◆ **What you should do**
Your response should consist of the entire listing, transcribed exactly, with every image left out.
-------- Dataset extract
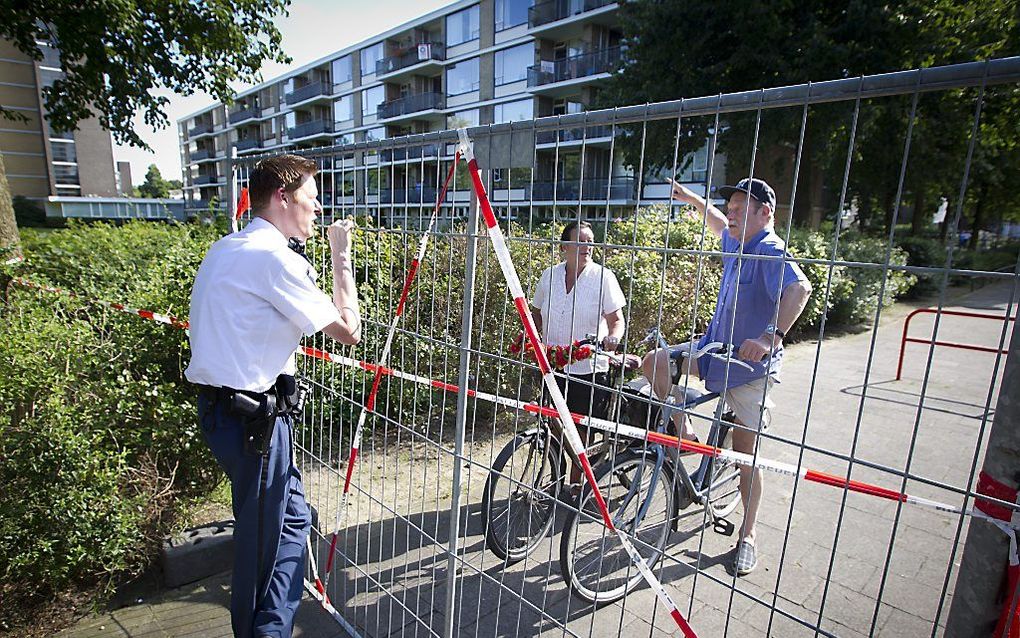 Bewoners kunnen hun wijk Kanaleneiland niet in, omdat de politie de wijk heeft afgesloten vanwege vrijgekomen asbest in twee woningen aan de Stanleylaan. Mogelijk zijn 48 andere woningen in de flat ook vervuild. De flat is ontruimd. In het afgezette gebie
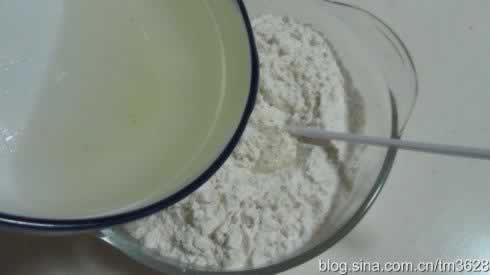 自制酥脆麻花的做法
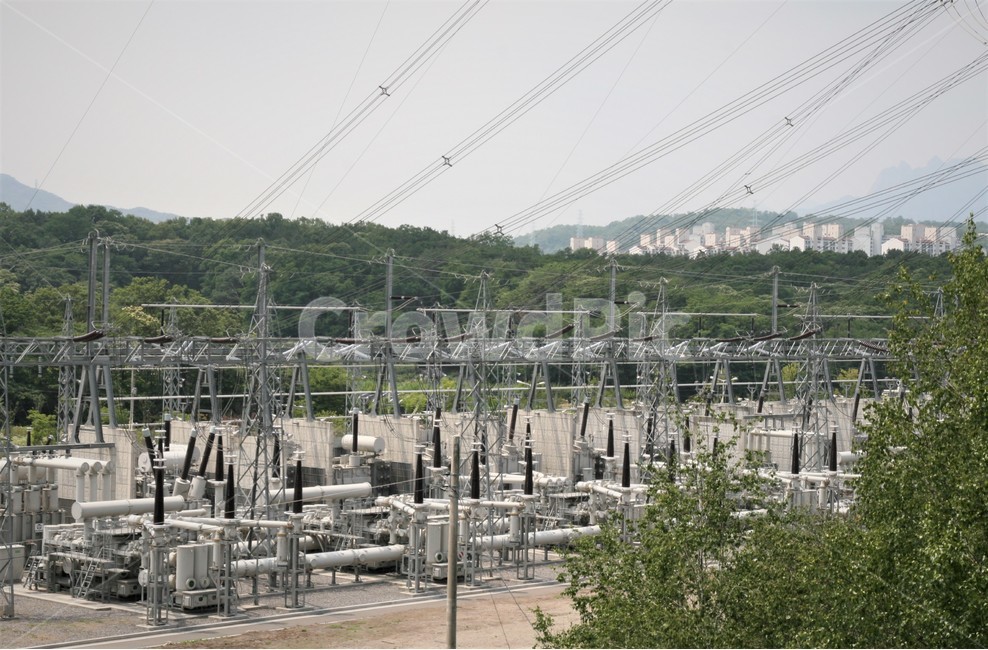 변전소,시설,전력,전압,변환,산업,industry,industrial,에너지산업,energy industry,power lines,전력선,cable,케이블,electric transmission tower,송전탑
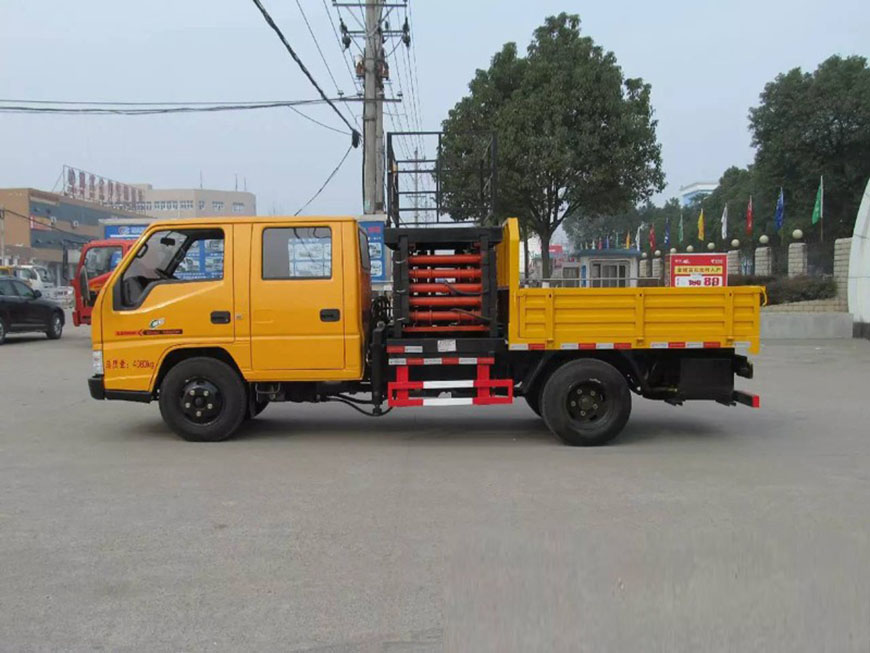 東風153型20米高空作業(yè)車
----------------
◆ **Result for this exercise**
 Bewoners kunnen hun wijk Kanaleneiland niet in, omdat de politie de wijk heeft afgesloten vanwege vrijgekomen asbest in twee woningen aan de Stanleylaan. Mogelijk zijn 48 andere woningen in de flat ook vervuild. De flat is ontruimd. In het afgezette gebie
 自制酥脆麻花的做法
 변전소,시설,전력,전압,변환,산업,industry,industrial,에너지산업,energy industry,power lines,전력선,cable,케이블,electric transmission tower,송전탑
 東風153型20米高空作業(yè)車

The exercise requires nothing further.